Hekuran Isai (7 May 1933 – 26 March 2008) was an Albanian politician of the Albanian Party of Labour (PPSh).

==Life==
After joining the Albanian Party of Labour (Alb: Partia e Punes së Shqipërisë) in 1957, he studied in the Soviet Union from 1957 to 1960. On his return Isai served as a specialist in a petroleum refinery in Cërrik. In 1962, he was elected first-deputy of the People's Assembly (Alb: Kuvendi Popullor) and was also elected as a member of the parliament from the fifth until the end of the eleventh legislative, ending in 1991. He served initially as member of the Committee on Industry, Mining and Construction.

At the 5th Congress of the Party in November 1966, he was elected first-candidate of the Central Committee (CC) of the Party. In 1967 he started studying at the Party's School "Vladimir Ilyich Lenin" in Tirana, majoring in Political Economy.

Isai worked afterwards as First Secretary of the PPSh in Elbasan District, which at that time included his native town of Peqin, later as First Secretary in Librazhd District from 1970 to 1975, and for a short time First Secretary of the Party in the Dibër District.
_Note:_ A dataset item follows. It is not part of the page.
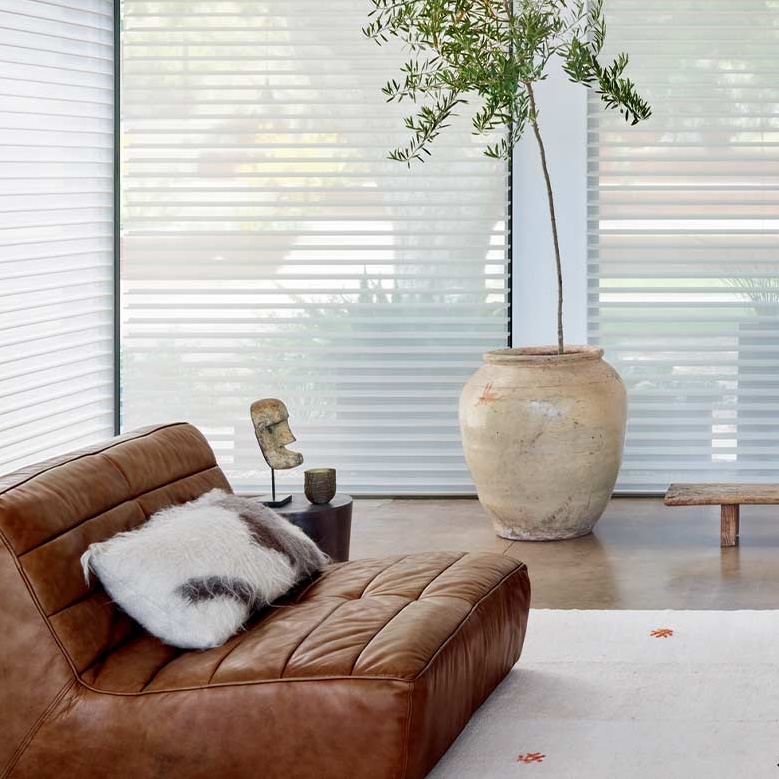 Silhouette Sheer Shades on floor to ceiling windows control the light and add daytime privacy with reduced glare in Reno living room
At the 6th Party Congress in November 1971, he was also elected a member of the Central Committee.

In June 1975 he became a member of the Secretariat of the Central Committee of the PPSh and held this function until November 1986. A few months later, in September 1975, he was elevated as member of the Politburo of the Party, as substitute for the recently purged Deputy Prime Minister and Chairman of the State Planning Commission Abdyl Këllezi. Isai, together with Qirjako Mihali, Pali Miska, and Llambi Gegprifti, represented a new generation of leaders within the Party, which emerged with the termination of relations with the People's Republic of China.

On January 15, 1982 Isai was appointed Minister of the Interior in the government of Prime Minister Adil Çarçani, succeeding another purged figure, Feçor Shehu. As interior minister, he was also head of the secret service Sigurimi and held these two positions until February 2, 1989. Between February 1987 and February 1989 he was also Deputy Chairman of the Council of Ministers.

Between February 1989 and July 1990, he was a member of the Secretariat of the Central Committee. He then took over again on July 9, 1990 until February 22, 1991 as Deputy Prime Minister and Minister of Interior. Most recently, he stated that he opposed the command of the First Secretary of the PPSh (Ramiz Alia) who had ordered shooting at protesters in Tirana during the collapse of communism in February 1991. This claim was however rejected by Alia as untrue.

After the dissolution of the PPSh and the establishment of the Socialist Party of Albania (Alb: Partia Socialiste e Shqipërisë) in June 1991, Isai finally retired from the Politburo.

In 1994, a special court was formed in Tirana against him and former officials Ramiz Alia, Simon Stefani, and Adil Çarçani. They were indicted for "abuse of authority and violation of civil rights". In July 1994 the following sentences were issued: Alia, nine years of imprisonment; Stefani, eight years; Isai, five years; and Çarcani, five years. A similar trial was brought in 1996 for a list of 36 former officials. Isai's name appeared again.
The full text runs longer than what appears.